The midwife concerned had been working for a long period of time, having worked in the community during the day, and after a short break was called in to the birth centre for support. She had recognised that she was now tired and planned to go home. Her tiredness led to her losing sight of the situation when dealing with the telephone call from the mother. 

Commentary

According to the midwife’s statement, tiredness led to her failing to detail elements of her conversation in the telephone record, leading to key information being missed. A woman was sent inappropriately to a midwife-led unit.

 

This was echoed in another very similar situation:

“The midwife reported that she did not have a break during a very busy night shift and identified that she was very tired and thought this might be the reason she did not complete the telephone message.”

 

Whilst the arguments for too-busy labour wards or midwifery-led units were cogent or logical, some did not seem plausibly connected.
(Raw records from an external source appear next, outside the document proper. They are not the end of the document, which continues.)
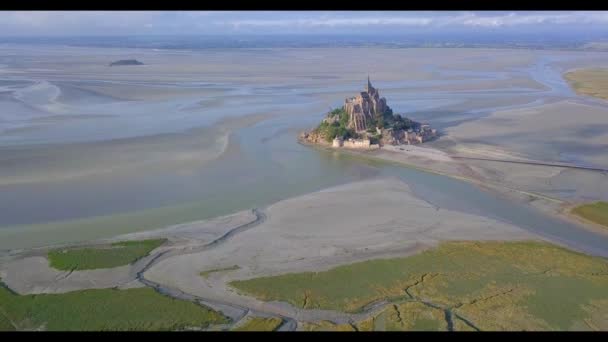 Pohled shora Mont Saint Michel Bay, Normandie Francie — Stock video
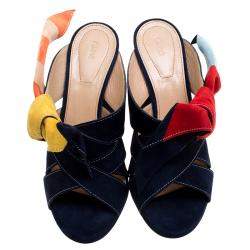 Pre Owned Chloe Navy Blue Suede Nellie Bow Mules Size 38
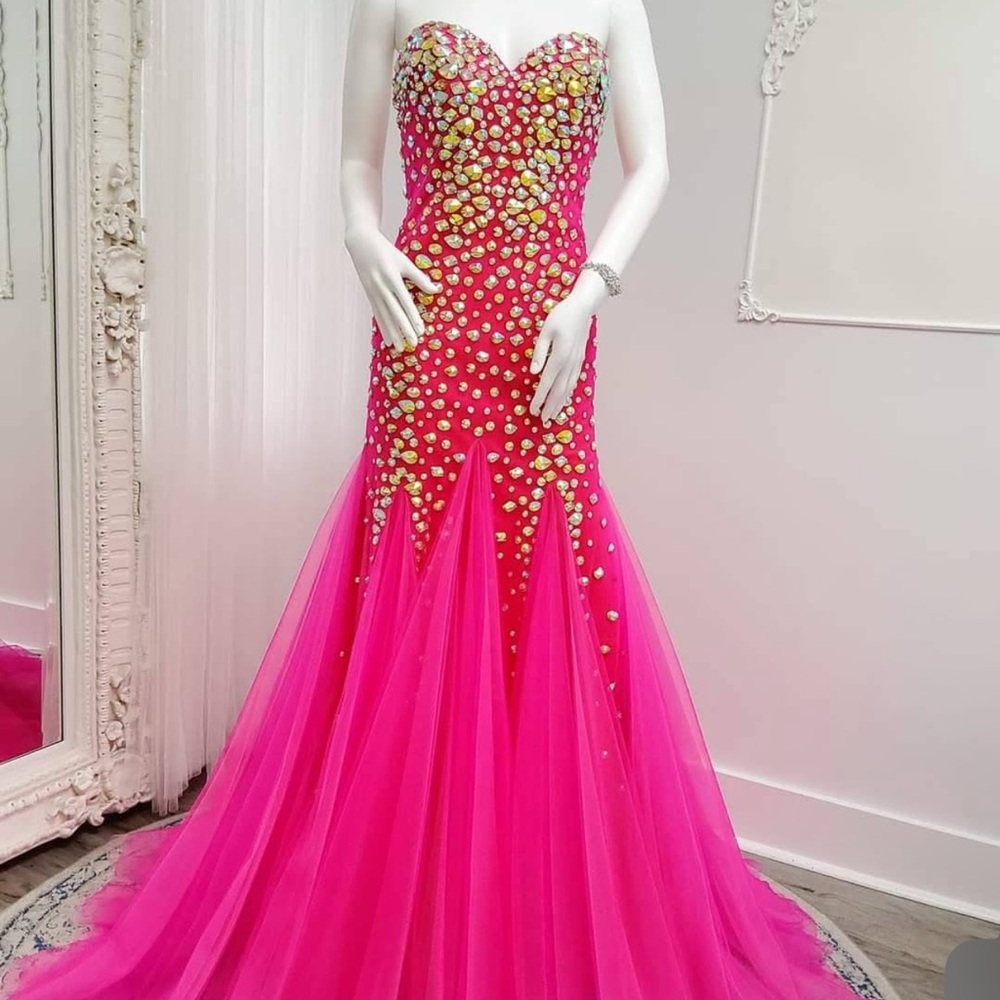 Stunning Pink Strapless Gown with Gold Accents prom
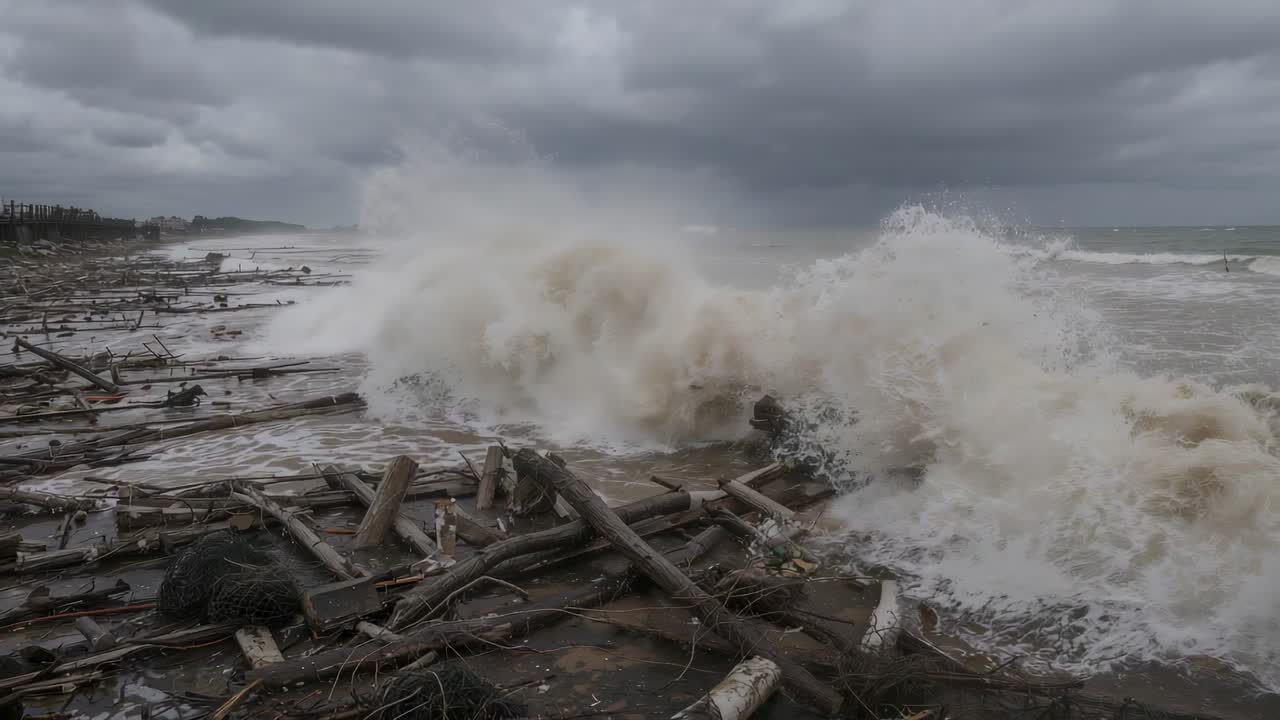 Surging incoming wave crashing driftwood pile on storm-tossed beach, exposing tangled netting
In one report, the following connection between high workload and clinical outcome was made:

“Unexpectedly high workload [led to] failure to recognise delay in 2nd stage.”

Commentary

In this instance, a midwifery student was looking after a multiparous woman who was fully dilated on admission and then remained in the second stage for a further 3.5 hours. The medical team then administered oxytocin. It was not clear what the high workload was in this case, but it was concerning that such a long second stage was accepted, by different health professionals. It seems unlikely that this would be solely attributable to a high workload, but no further factors were identified by the local team undertaking the review of this woman’s care.